Tuesday, November 28, 2017

Theme-Worldbuilding Integration Part 17 - Creating A Prophecy

Theme-Worldbuilding Integration

Part 17

Creating A Prophecy

by

Jacqueline Lichtenberg


The index to Theme-Worldbuilding Posts is here:
https://aliendjinnromances.blogspot.com/2014/04/index-to-theme-worldbuilding.html

Last week we looked at Depicting Prophecy
https://aliendjinnromances.blogspot.com/2017/11/depiction-part-34-depicting-prophecy.html

http://aliendjinnromances.blogspot.com/2015/04/index-to-depiction-series-by-jacqueline.html

Next week, we'll look at Creating A Prophet Character.

Now let's consider how to craft a fictional Prophecy.

Before you decide your story needs a Prophecy, you need to look at the Characters and Plot to determine if you need a Prophecy that the Characters will (or will not) believe, and that the target audience will (or will not) believe or accept.

Are your Characters going to believe the Prophecy, and then find out it is a sham, a scam, grifter's trick, or a "false religion?"

Why do you need a Prophecy to tell this particular story?

If your story absolutely requires a Prophecy to "work," then you have to create one, or lift one from Earth's rich history.

Do you want to borrow a real Prophecy (one that has, or has not, already been considered to have materialized?) or do you need a completely fresh and original Prophecy?

As noted last week, depicting a Prophecy in a Science Fiction Romance or any fictional work, requires two main things:

1. If you include a Prophecy - the story and plot become about Prophecy, and the non-material (mystical) dimensions behind your built world.

2. Once included, everything else in your built world, every detail, must be consistent with the mechanism by which Prophecy works in your World.  


If you use Prophecy, (or foretelling, or divination, or ESP or any form of foreknowing) you don't have to let the Characters or the Reader know how it works, but you must know how it works.

This is a general rule in writing Fantasy of any sub-genre -- you have to know  more than your reader, and you should let the reader know everything you know.  Just tell your Character's story -- the Characters do this, and that happens, and then the Characters do that.  Just telll the story.
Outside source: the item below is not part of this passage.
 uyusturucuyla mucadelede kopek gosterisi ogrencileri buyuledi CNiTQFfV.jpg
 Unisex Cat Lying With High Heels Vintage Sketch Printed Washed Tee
But to get to where you can tell the story without thinking about the details, you must know how the world works so you will invent or pick details that depict the same "world."

If you skip across World Boundaries (as Simon R. Green and Jean Johnson do), the rules by which things work may change.  Sometimes cross-dimension contact changing the physics underlying a World, so how and why things happen can change.
 can get very complicated -- but if you pull it off, as Gini Koch
has done with her Alien series -- you can build a huge readership that feels they live in your world.

Consistency is the key to all this love of your Universe.  

Our real world is stable and consistent while our understanding of our world changes (often as abruptly and radically as taking the Red Pill ).  In our reality, only the Creator of the Universe really knows how things work -- and for all we know He might be changing the rules behind the scenes.  But we see the world as stable, reliable (drop stuff on Earth, it falls - drop stuff in orbit, it floats).

Part of the enchantment of Romance is the "adventure" -- as discussed in the last few weeks -- which is what makes Romance so easily blended with Science Fiction.

Romance is all about The Unknown Tall Dark Stranger, and what's going on inside that dark head -- Science Fiction is all about The Uknown laws of physics, math, chemistry, dimensional geometry, or Alien Species out in the Galaxy.

Meeting a new person (or kind of person) and meeting a new Law of Reality or kind of Reality is Adventure.

Adventure is the action (plot) of going OUT of your comfort zone, or having your comfort zone invaded by something unknowable.

In our modern science (which is changing daily on the topic of "what is Time?" ) it is not possible to predict The Future, but it is possible to extrapolate from data known about the past and present.

Take hurricane forecasting, for example.  Given modern data collection methodology, wedded to modern computational power, and massive advances in mathematics, we have a large handful of "models" for where a hurricane will go and how strong it will become (and when and where it will end).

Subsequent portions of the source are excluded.